Will this experiment work? SkyPoint’s developers are betting it will.
Novare Group, an Atlanta development company, and Intown Group, a local firm, are doubling down on an acre lot across from SkyPoint. There, they recently started building Element, a 34-story condo tower along Franklin Street.
On Thursday, they will seek zoning approval for another tower on Ashley Drive. This one would be called Twelve, part- boutique hotel, part-condo. As proposed, it would be the tallest condo high-rise yet at 47 stories.
When it comes to downtown’s so-called condo boom, forget about Trump Tower Tampa, the project that became the media darling but has yet to find the financing to start construction.

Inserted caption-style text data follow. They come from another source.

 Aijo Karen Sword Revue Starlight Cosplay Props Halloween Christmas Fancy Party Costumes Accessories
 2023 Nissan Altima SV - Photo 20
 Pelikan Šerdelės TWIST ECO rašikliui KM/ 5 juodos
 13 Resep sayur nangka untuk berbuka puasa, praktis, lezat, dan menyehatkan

The developers transforming downtown are Novare and Intown. SkyPoint, Element and Twelve would add 1,185 condos and 135 hotel rooms to a downtown that so far can claim fewer than 100 completed condos. With a fourth project pending next to SkyPoint, no other developer comes close to keeping up.
Gregory Minder, Intown’s president, said with SkyPoint sold out and Element selling briskly, he doesn’t buy the doom-and-gloom talk about a slowing condo market. “We’re not worried,” he said. “We know there are a lot of people in Tampa who want this type of housing.”

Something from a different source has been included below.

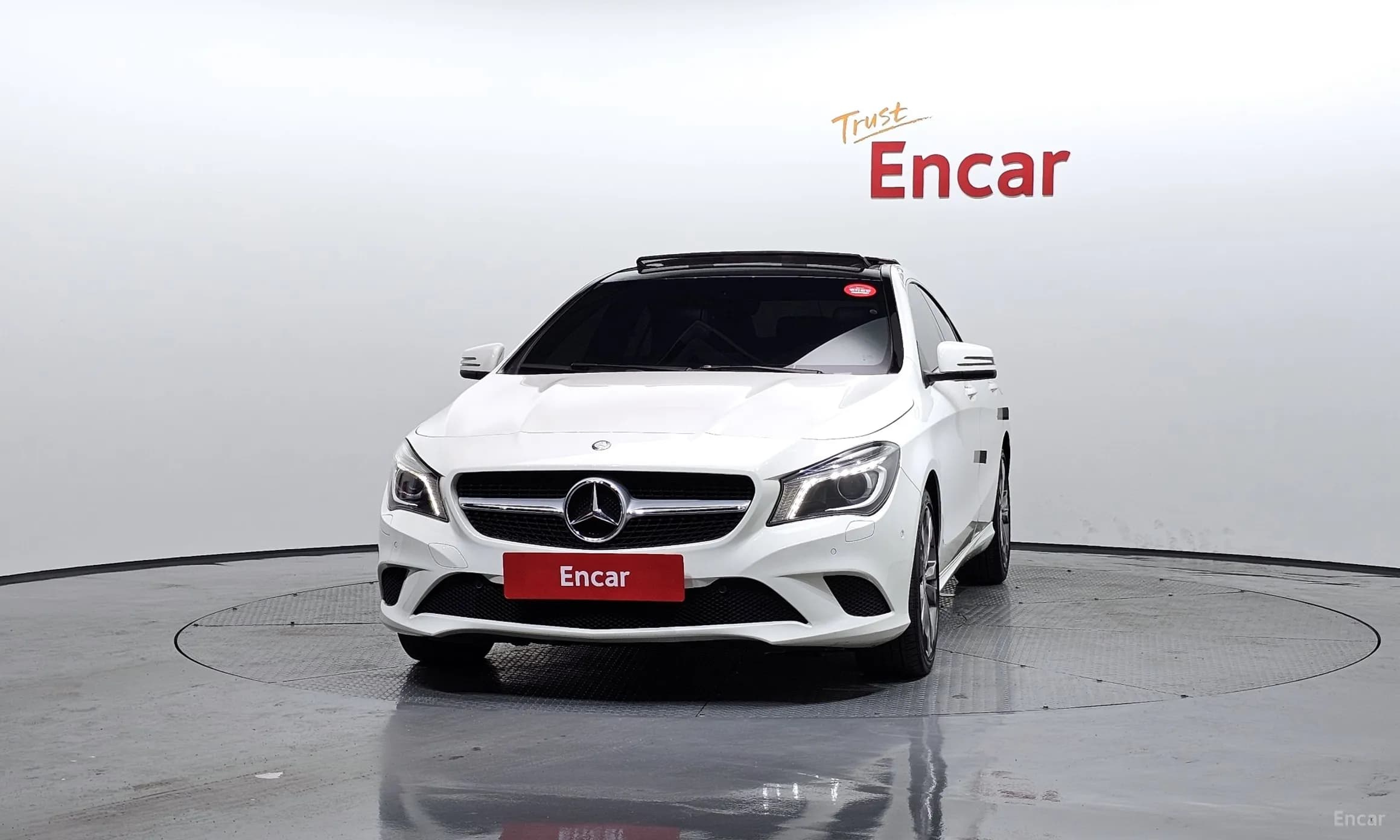 CLA-Class C117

City officials have calculated that the tax windfall from SkyPoint, Element and other condo projects will finance a $40-million overhaul of downtown for the next 12 years.
A new waterfront park, better public transportation, and a revamped Ashley Drive are some of the projects that might be financed from the taxes paid by downtown’s newest denizens. “This evolutionary stage for downtown will take place in the next two years,” said Michael Chen, director of Tampa’s urban development department. “Downtown will become not just viable, but a desirable place to live.”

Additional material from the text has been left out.